On Friday, MedPAC released a draft report to Congress recommending a 7% reduction in Medicare's base payment rate for home health services for the 2027 calendar year.
The group said the cuts will not negatively impact access to care and will ensure that providers remain willing and able to treat Medicare fee beneficiaries.
Meanwhile, home health providers and advocacy groups say consecutive years of base payment rate cuts threaten provider sustainability and access to care.
“Recruiting and retaining nurses and caregivers, maintaining services in rural and underserved communities, and ensuring that patients who can safely care for themselves in their own homes continue to have that option have become increasingly difficult with annual attrition,” Justin Searle, director of home health care at Bayada Home Health Care, previously told HHCN.
Bayada, based in Pennsauken Township, N.J., is a nonprofit provider of home health care services with 370 locations in five countries.
MedPAC developed its draft recommendations based on its determination that four indicators of the Home Health Care Affordability Index are stable and most are positive or positive. These indicators include beneficiary access to care, quality of care, access to capital, and Medicare payments and costs.
MedPAC determined that home health agencies' financial performance will continue to be strong in 2024, with average fee-for-service margins of 21.2% compared to 19.8% in 2023. The organization predicts home health agencies' profit margins will reach 19% in 2026.
Other factors, such as the proliferation of Medicare Advantage, are also threatening home health agencies' profits.
“Even with all the reductions, there's still a 38% difference between what Medicare pays and what Medicare Advantage pays,” Luke Rutledge, president of HomeCare Homebase, previously told HHCN. “That's one of the things that's keeping people up at night. As this bar continues to rise on the Medicare Advantage side, people are trying to figure out how to close that 38% gap.”
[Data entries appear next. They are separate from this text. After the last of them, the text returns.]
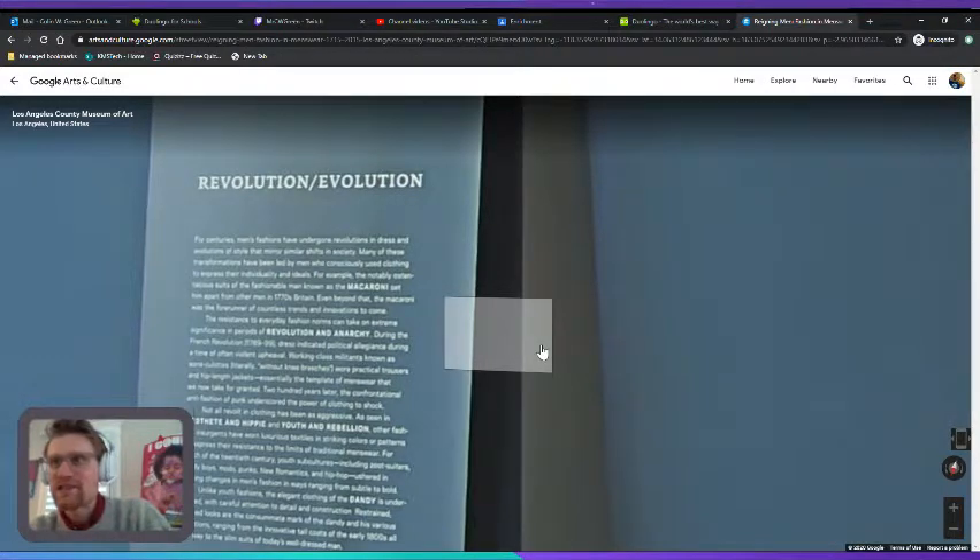Working class militants known as sans-culottes — literally 'without knee breeches' — wore practical trousers (like pants) and hip-length jackets, essentially the template of menswear that we now take for granted.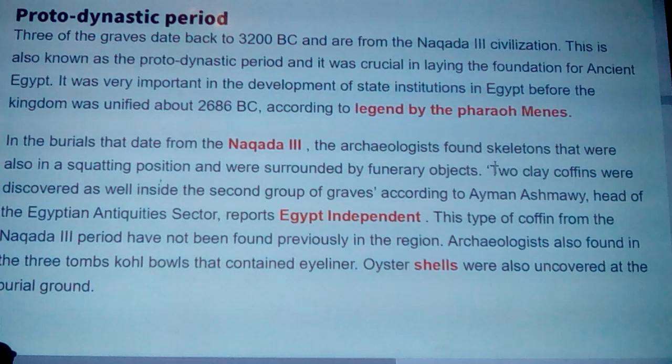In the burials dating from the Naqada 2 or Naqada 3, the archaeologists found skeletons also in a squatting position surrounded by funerary objects. By squatting position I think they're talking about fetal position, because that's what we were looking at before. There are squatted position burials, and then there are squatted mummies like the Wari mummies with red and blonde hair found in the Andes - just in this squatted almost Buddha position. It makes me think, is this a shaman buried that way, or are they misconstruing fetal position with squatting?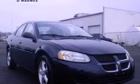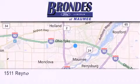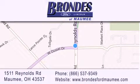We invite you to contact us today to learn more about this vehicle. Brondie's Ford Maumee offers a wide selection of Ford and Lincoln vehicles and is an automotive leader in the area. Stop by our showroom located at 1511 Reynolds Road in Maumee and visit us online at brondiesfordmaumee.com.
Dallas-based Homecare Homebase is one of the largest technology and management services companies serving home care organizations.
The number of home health agencies decreased by 1% in 2024, according to a MedPAC report. California was excluded from this trend, but the number of health care providers in the state nearly doubled from 2019 to 2024. Much of this increase was concentrated in Los Angeles County, which has become the poster child for home health care fraud.
The increase in California raises “concerns about the integrity of the program,” MedPAC said. Los Angeles County accounted for $1.4 billion in paid home health spending in 2024. This represents 8.7% of total spend, but only 2.2% of paid subscribers.
MedPAC highlighted previous actions by policymakers to address integrity concerns, including suspending new provider enrollment in certain areas and instituting review selection demonstrations.
Utilization increased, with the number of 30-day periods per paid service beneficiary increasing by 2.6% to 24.3 days in 2024, according to the report. In 2024, nearly 8% of these beneficiaries used home health care.
While MedPAC plans to recommend a 7% base rate payment reduction, it finds that the quality of home health services will remain stable in 2024, with potentially preventable readmission rates low and patient experience measures stable.